My student is graduating next year so I’ve had time to think about that. The provost, if that is what he was, surely had it right. There’s no deception in professional wrestling. Or more exactly, it is all deception so there can be no actual deception. Brilliant.
This came to mind on reading the most recent Facebook brand ratings. Fox News Channel was number one with 206 million “likes,” “shares” and “comments.” Its closest cable competitor, CNN, wasn’t even close, ranking 29th. ABC News came in at 17th overall. MSNBC didn’t make the top 100.
So who did Fox News beat out for the top spot? The World Wrestling Entertainment (WWE) network with 203 million “likes,” “shares” and “comments.” WWE is expected to be on top this year.

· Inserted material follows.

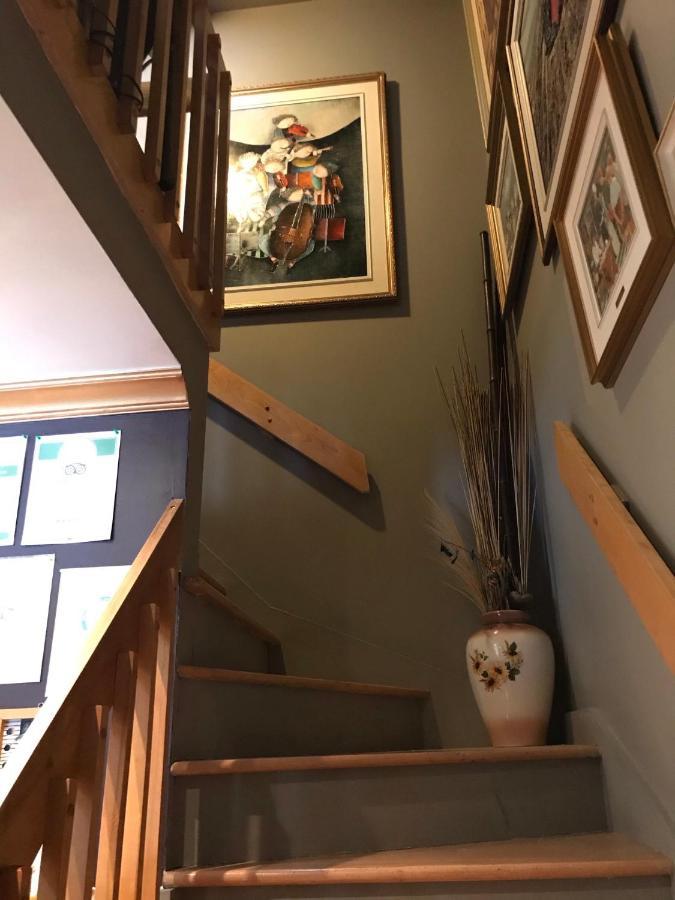 Repos&manna Downtown Bed and breakfast 3*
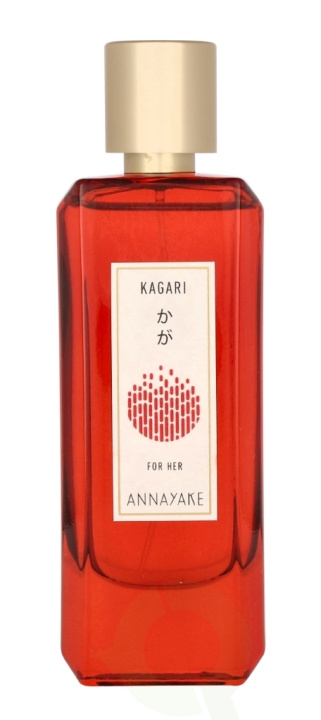 Annayake Kagari For Her Edp Spray 100 ml ryhmässä KAUNEUS JA TERVEYS / Tuoksut & Parfyymit / Parfyymit / Naisten Tuoksut @ TP E-commerce Nordic AB (C65391)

At risk of miring the reader deeper in election-year cynicism than might already be the situation, the prediction is based on this: If the WWE is free of deception, or at least effective deception, Fox News is full of it.
First, a disclaimer: I belong to the traditional or “corruption story” school of journalism. That is, I believe news gathering must be organized to find truth, whether the reader wants it or not. As such, my particular school is based on trying to predict the affairs of man. The idea is to beat your competition by being more trustworthy in that way. It is an admittedly sketchy profession.
There is a second type, a nobler one, the “oppression story” journalist. He believes that man is naturally good but is enslaved by oppressive social systems. If man’s environment can be changed, man himself changes, and poverty, war, and so on, are no more. Graduates of this school view professional wrestling and every other topic with utter destain.
Finally, there is a third type, the broadcaster, which is no journalist at all. Those of Fox News and the lesser outlets, with exceptions that have more to do with the vagaries of human charm than with news philosophy, are driven by voices in their earpieces (producers) tuned to moment-by-moment ratings.
That is not criticism, merely observation. Given the choice between (a) uncovering the truth, (b) advocating a world-changing idea, or (c) an on-air shouting match, the typical producer will choose (c). It is empirically so.
As future voters and citizens, then, our students would be wise to differentiate between those three schools as they sift and sort the news of their day. Professional wrestling can take care of itself.